(Task objective)
The lines to extract begin at the line that contains "Relaxdays Rosenpavillon Metall, HBT: 275x211x211" and run through the last line of the listing; reproduce them exactly, minus any pictures.
[Start of section]
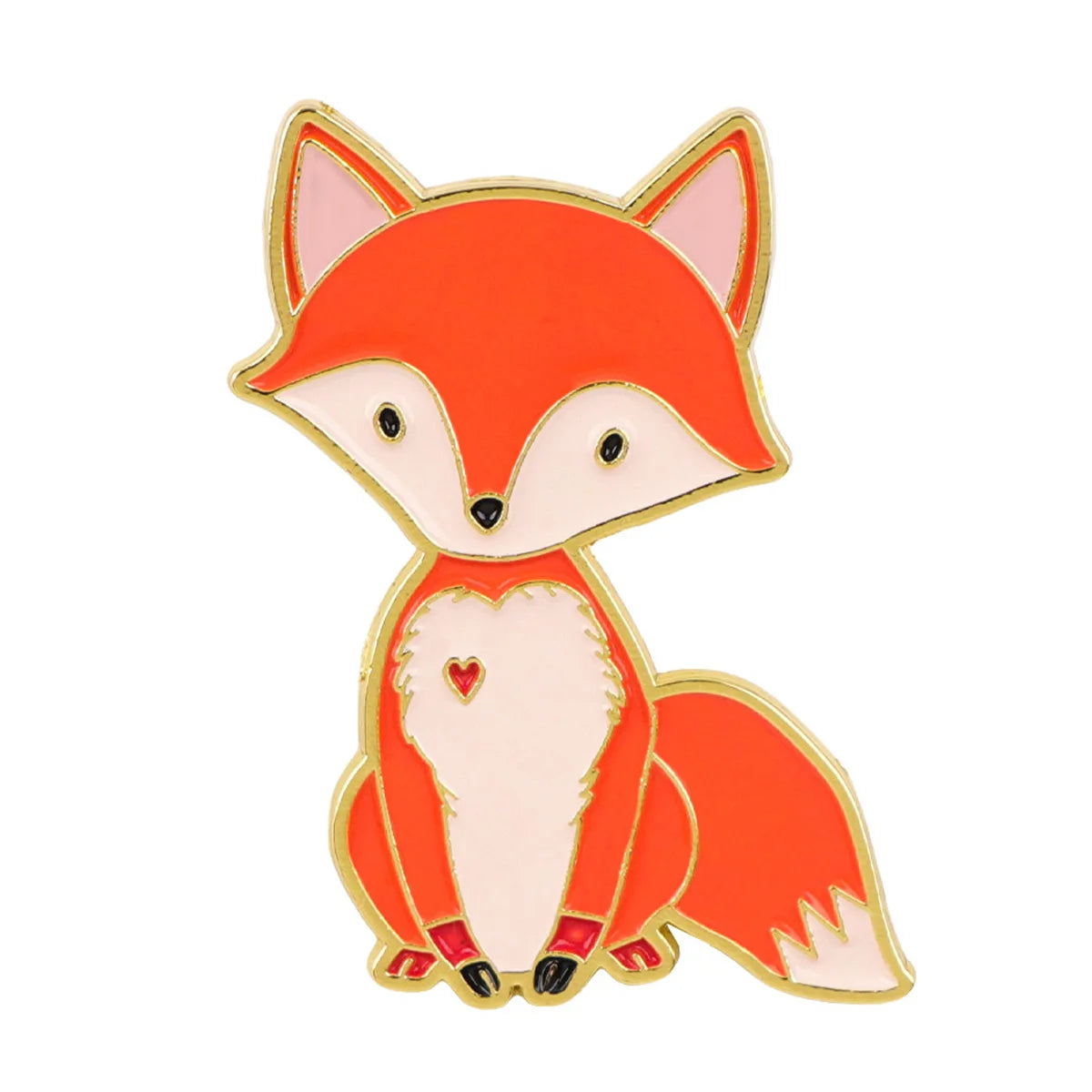 Cute Fox with Heart Pin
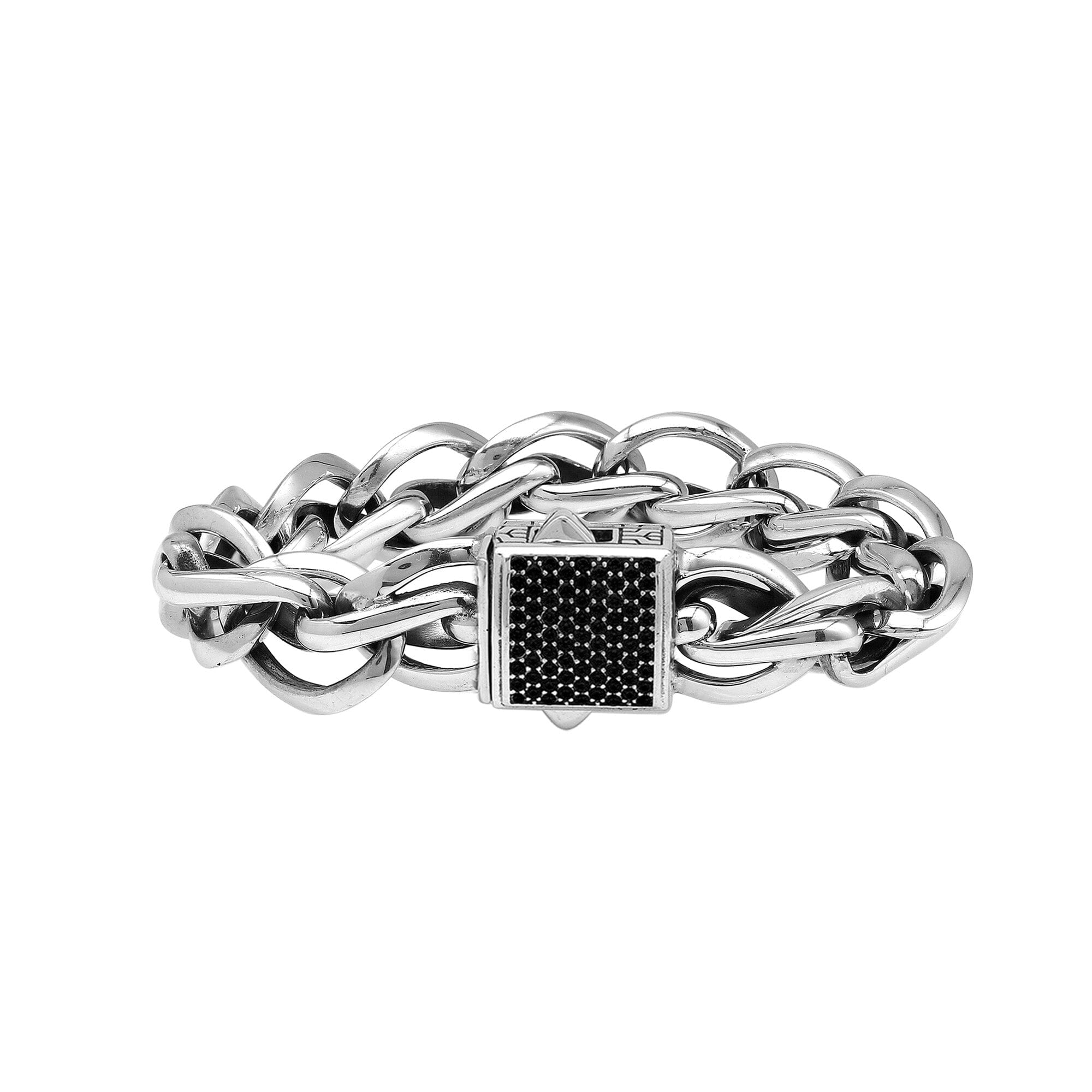 Wholesale sterling silver heavy chain bracelet featuring a square Black Cubic Zirconia accent, polished finish, and push-clasp closure designed for high-volume, consistent bulk inventory.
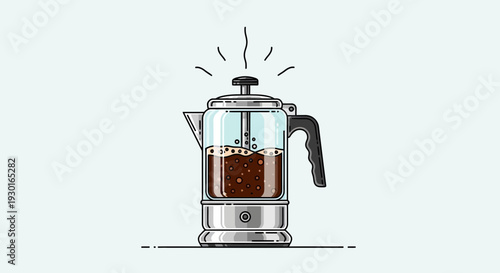 Espresso Coffee Maker Boiling Hot Water and Steam Rising, Kitchen Appliance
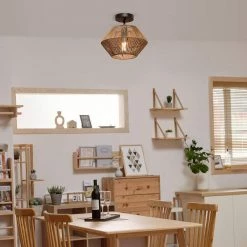 12 in. 1-Light Matte Black Flush Semi-Flush Mount Ceiling Light with Natural Twine Shade by Globe Electric 17 12 in. 1-Light Matte Black Flush Semi-Flush Mount Ceiling Light with Natural Twine Shade by Globe Electric -Deals Globe Electric Store matte black globe electric flush mount lights 91002839 31 1000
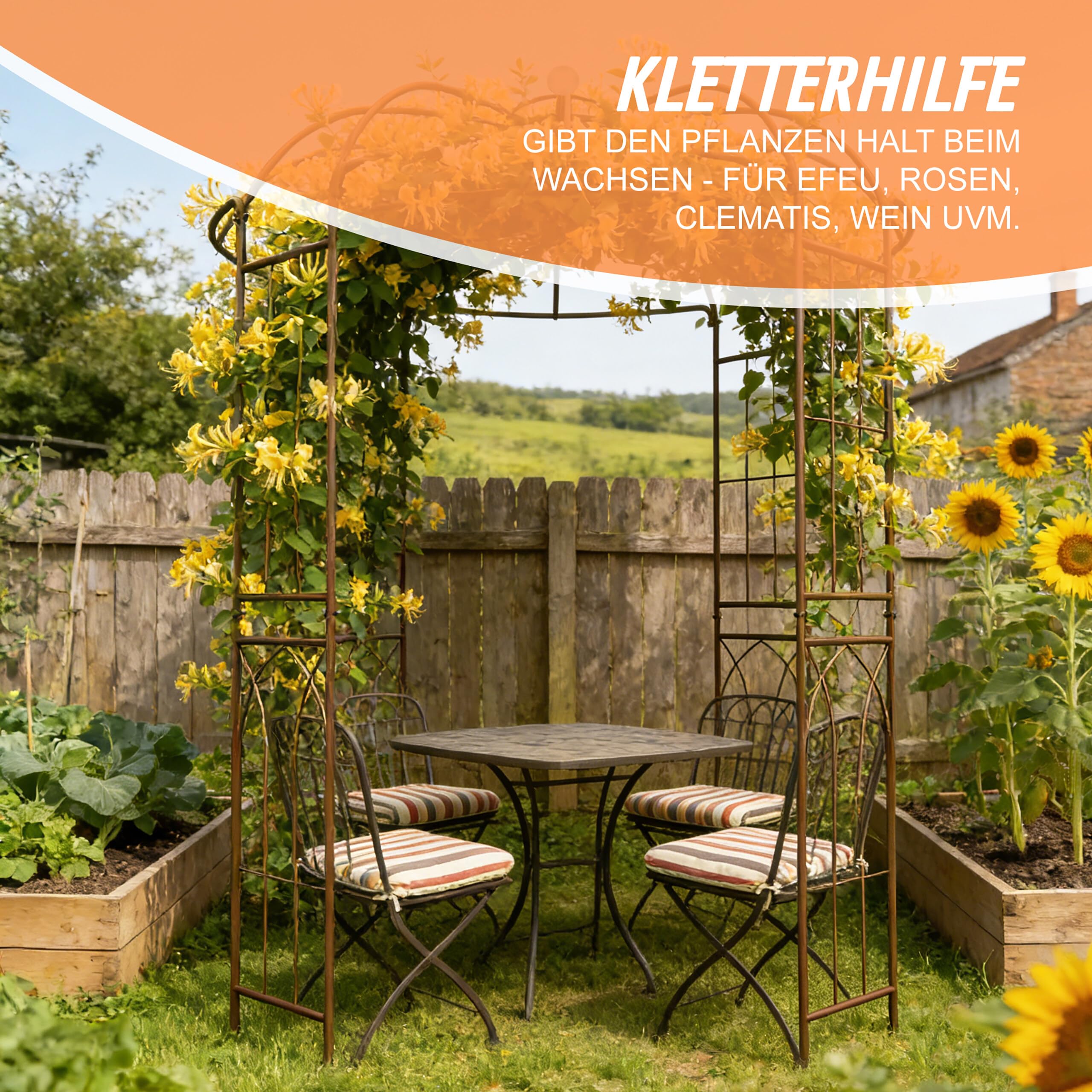 Relaxdays Rosenpavillon Metall, HBT: 275x211x211 cm, Rankhilfe Kletterpflanzen, Garten, Rankpavillon begehbar, Bronze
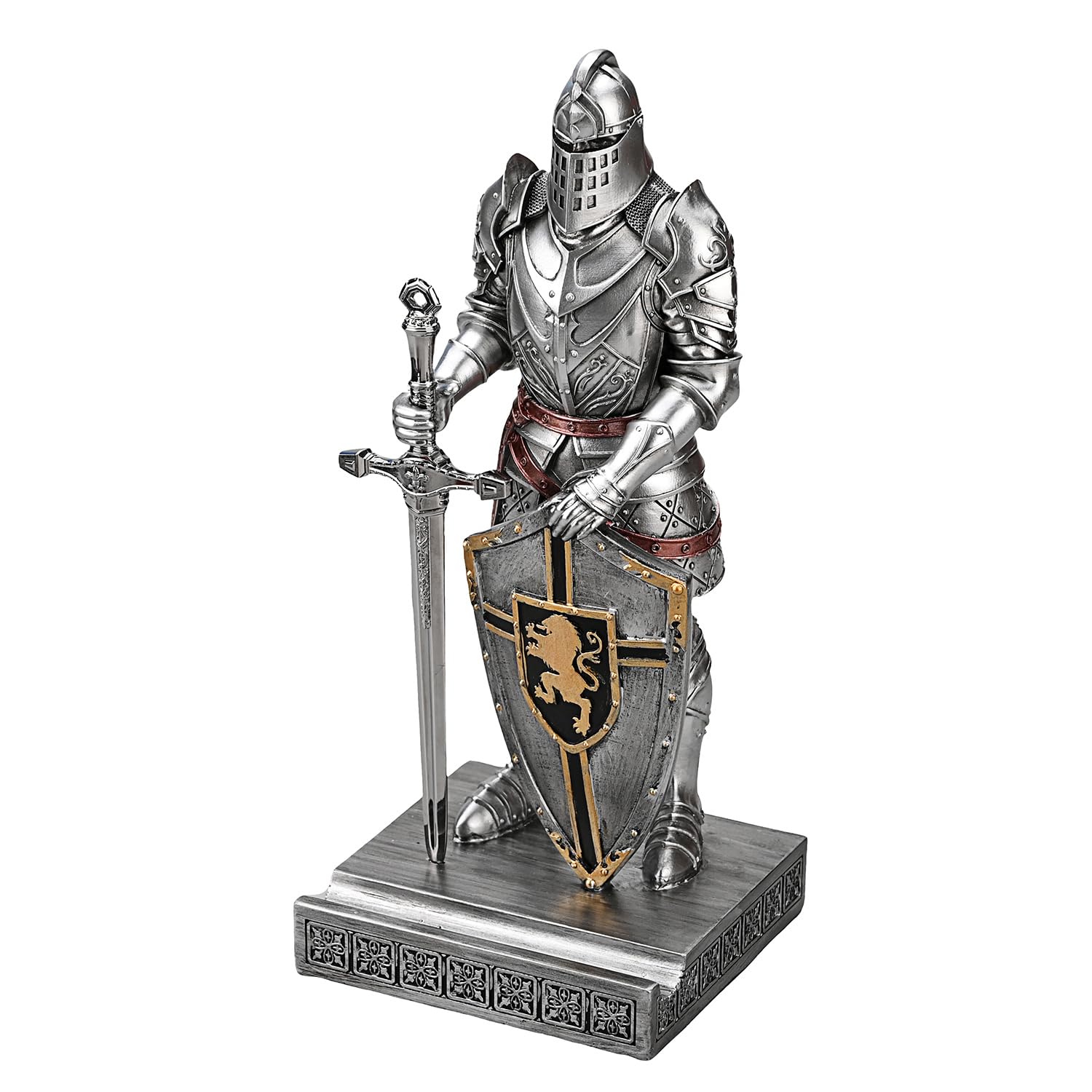 HDMbigmi King's Guard Knight Pen Holder Statue with Shield for Desk Silver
[End of section]
(Response box)
 Relaxdays Rosenpavillon Metall, HBT: 275x211x211 cm, Rankhilfe Kletterpflanzen, Garten, Rankpavillon begehbar, Bronze
 HDMbigmi King's Guard Knight Pen Holder Statue with Shield for Desk Silver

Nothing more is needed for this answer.